Darts in Dublin 2013

Go Swimming...
The title is no hint at those players who turned belly-up on the first evening of the World Grand Prix. It refers to the fact that Dublin is a town by the sea though when you are in the city the only thing that reminds you of it is the usually strong wind. And yet near Connolly station the docklands begin - today some are new residential quarters. And when you take the DART from Connolly (some kind of city railway though far less fast than a dart) - whatever direction - you first pass the docklands and then soon arrive at the sea at least when you travel to Bray, I've not been yet in Malahide.

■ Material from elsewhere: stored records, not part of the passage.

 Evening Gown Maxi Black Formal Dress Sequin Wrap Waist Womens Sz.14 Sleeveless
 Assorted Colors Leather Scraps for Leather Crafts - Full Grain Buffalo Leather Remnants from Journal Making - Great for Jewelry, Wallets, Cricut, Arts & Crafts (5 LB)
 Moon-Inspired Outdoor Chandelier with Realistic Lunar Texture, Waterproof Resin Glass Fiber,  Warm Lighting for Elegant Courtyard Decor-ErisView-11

The region on the way to Bray is often called "Dublin's Riviera"and is some kind of posh neighborhood. In Sandycove years ago there existed some kind of lido with a sandy beach and when you walk to the end of the bay you can still find a public bathing beach and when I walked by on Monday around noon several undaunted swimmers were in the water. It looked some used their lunch break to take a quick swim. I've no idea what temperature the water has got, but I read it's never more the 15 degrees Celsius.
> When you now walk around the rocks at the end of the beach you'll find there just across the James Joyce Tower another, very special bathing place. The Forty Feet Pool. The name has nothing to do with the depth of the water it comes from a regiment which was once stationed here to guard the coast. The pool is rather spartan, only rocks and a small changing hut. Originally the pool was only a bathing place for male nudists but in the last century women managed to get allowed to play their as well and today nude bathing is forbidden there. The pool is used throughout the year - even in winter swimmers jump into the icy water. It opens at six in the morning and when it's still dark at the time people use their flashlights. On this Monday there were quite a few swimmers around.

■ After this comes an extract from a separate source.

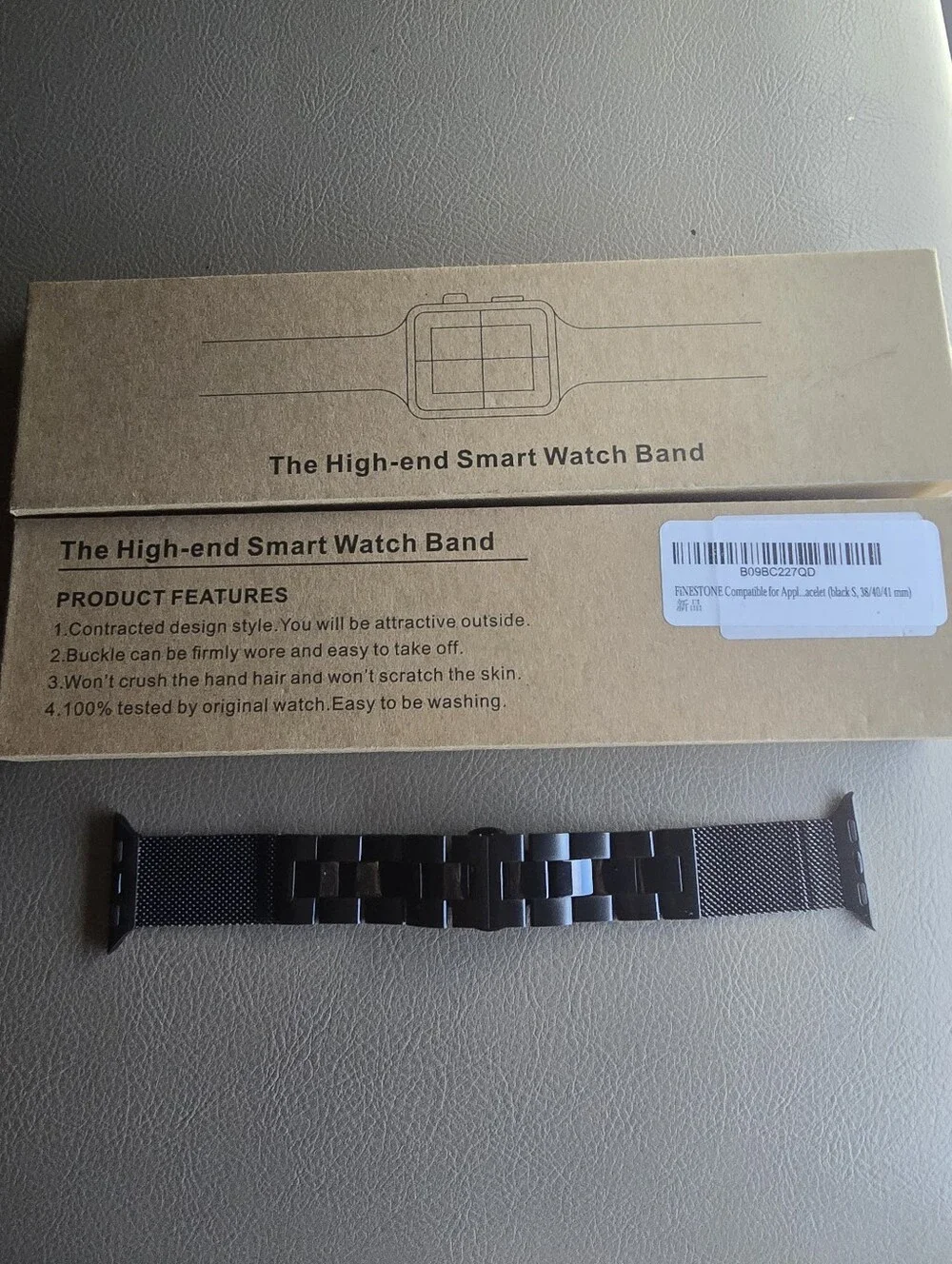 High-End Black Smart Watch Metal Mesh Band Compatible Wearables Sz. S, 38/40/41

So should someone among Dublin's visitors want to go swimming - it really is possible there and to be sure it will be a very special and unforgettable experience.

This year the Gran Prix takes place in another building on the ground of the City West hotel than last year. As an official told me last year was an exception as the convention centre couldn't be used. This venue is a lot bigger and the press room is upstairs on second floor and I did a lot of stair climbing on the two evenings I watched the Grand Prix. The venue was not really crowded the first evening but it will be crowded nearer the weekend. The press room is comparatively small but there is never that much "press" in Dublin anyway. On the first evening there were a lot of problems with the internet connection and I decided to do my updates after the matches in my hotel room though that meant I would have to stay up late.

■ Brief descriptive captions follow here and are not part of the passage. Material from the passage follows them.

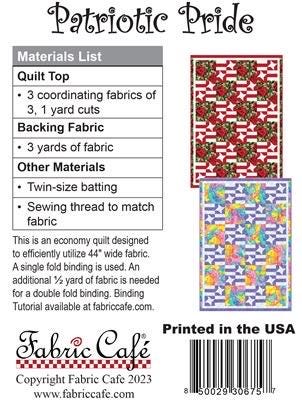 Fabric Cafe Patriotic Pride Quilt Pattern Finished Size: 40"x58"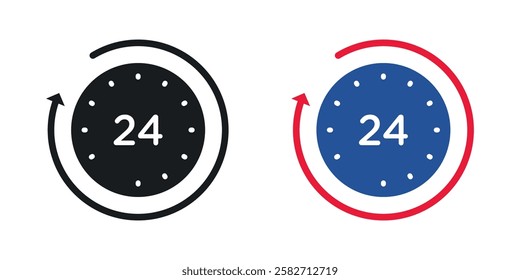 Time twenty four icons set vectors black and colored style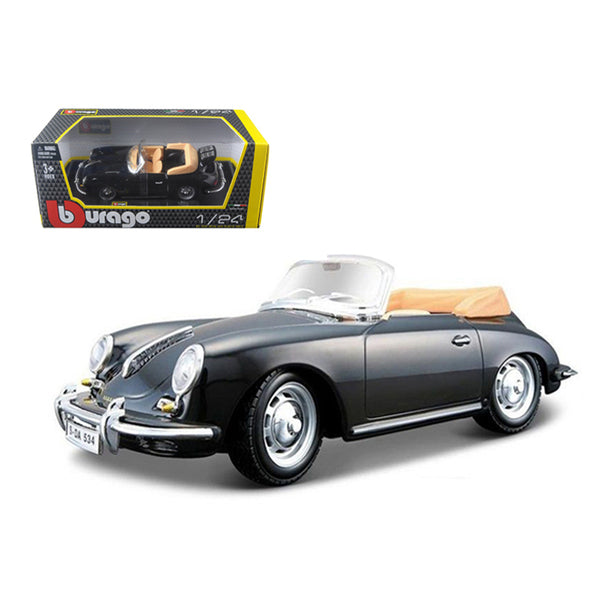 1961 Porsche 356 B Cabriolet Black 1/24 Diecast Model Car by Bburago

All in all I enjoyed this short first round matches, they were varied, sometimes surprising and all the players looked well prepared for the Double-In. Terry Jenkins was one of the players who turned belly-up on the evening despite his absolutely sure Double-In. He seemed to have lost the Double-Out completely and to the delight of the home crowd his Irish opponent Connie Finnan progressed to the second round. Another phenomenon was Gary Anderson. While during the Players Championships he once again stumbled over his double trouble he hit both the double-in and the double-out on that evening. Peter Wright - at the weekend really strong - had his problems with the World Grand Prix stage - a little bit strange as well - might be lack of experience with this special tournament. The second Irish player on the first day - Michael Mansell - frightened Simon Whitlock and the Australian was almost eliminated - might be some kind of home advantage for the Irish?

I was glad that I stayed in the hotel nearby that night - such a short way "home" is an advantage, even when the corridors seemed endless.